It has been said that “politics is a blood sport.” Even so, American politicians are expected to have some sense of humor, to be able to take a joke at their expense—at least under well understood terms of engagement. In New York City, those terms have included the annual political roast written, produced and performed by the Inner Circle of New York Political Journalists. The New York Hilton Midtown will be the site for this year’s show, titled “Curb Your Narcissism,” which will be held this Saturday, April 21.
The Inner Circle held its first show almost a century ago, in 1923. Focusing its satire on the high political ambitions of Governor Al Smith, that first show’s title was “The Supersmith.” Still, Smith accepted an invitation to attend, as did hundreds of other political figures. That remains the case down to the present, when attendance at the black tie affair will number about 2,000. The show is run as a fundraiser for charity and has grown increasingly elaborate over the decades. Yet its core remains consistent: musical comedy numbers lampooning a wide range of city, state and federal officials and providing satirical comment on political issues, with the mayor given time on stage for a “rebuttal.”
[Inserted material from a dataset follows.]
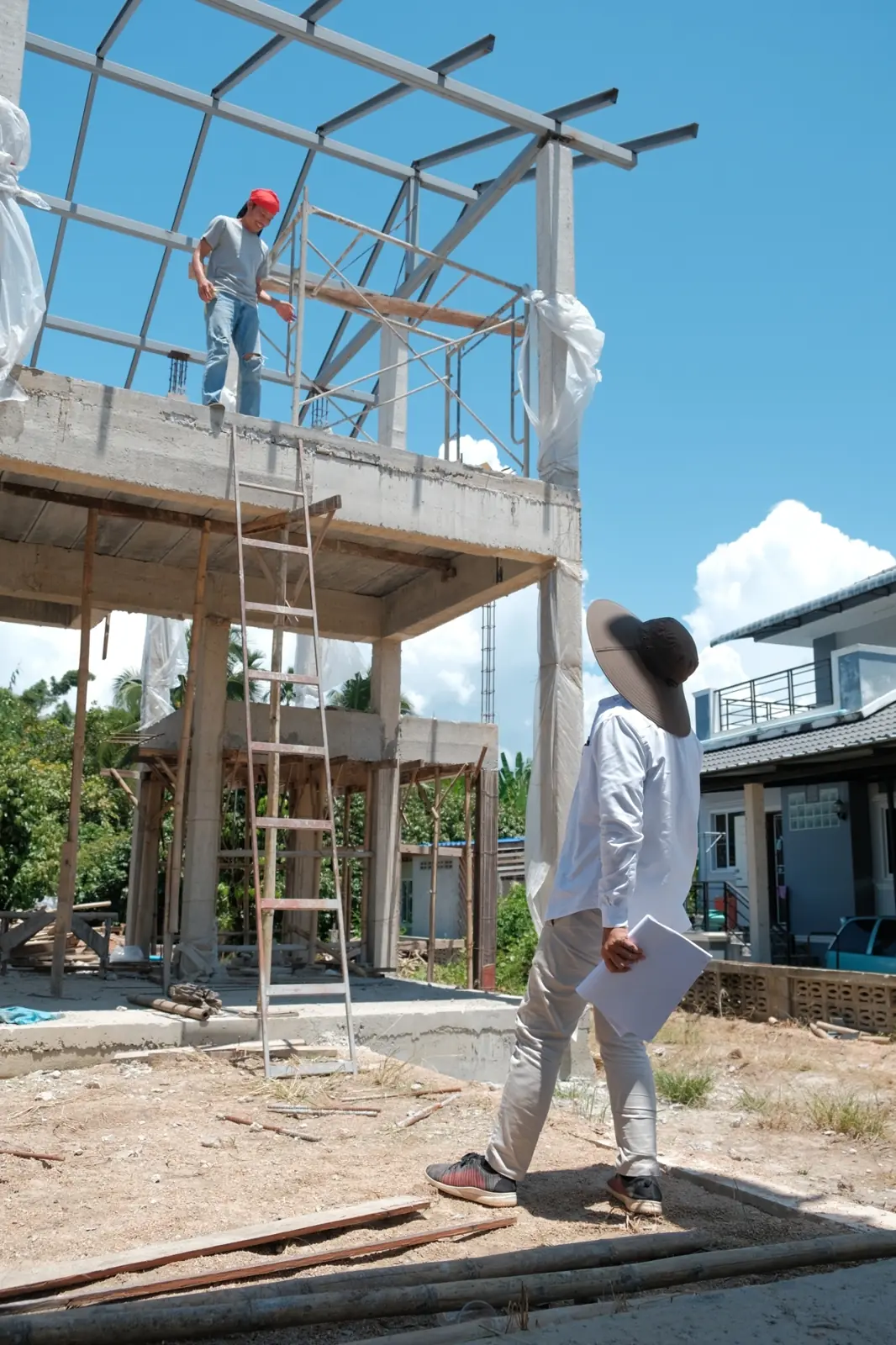 ยกโครงเหล็กขึ้นชั้นสอง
The annual roast is not limited to the stage performance. Each year also sees the production of a program for the event with cover art, political cartoons and the song lyrics. New-York Historical Society is fortunate to hold many of these programs, including all those from 1956 to 1999, and several others from 2000 through last year. These were compiled by longtime Inner Circle member Henry Walter, and the programs were donated to N-YHS along with his papers in 2015. A few images here capture the flavor.
1960 was a presidential election year so naturally the March 1960 Inner Circle event focused on that and the down-ballot races. The program’s cover art, by W.F. Meehan of the Daily News, shown above features the string of candidates, special interests, political kingmakers, and others leading toward Washington, D.C. in the distance. Richard Nixon happily leads the charge. The Catholic John F. Kennedy, pursued by a Klansman, is well behind Lyndon Johnson and even a desultory Adlai Stevenson. Farther back, a fiery Eleanor Roosevelt, with “Herbie” Lehman and “Tommy” Finletter in tow, hounds Carmine DeSapio on his Tammany Hall tiger.
The cover art was not always a complex mix of people and messages. With New York mired in a financial crisis in 1975, political cartoonist John Pierotti made the issue clear as Mayor Abraham Beame drowns in red ink while Governor Hugh Carey flees in his battered ship, or rowboat, of state.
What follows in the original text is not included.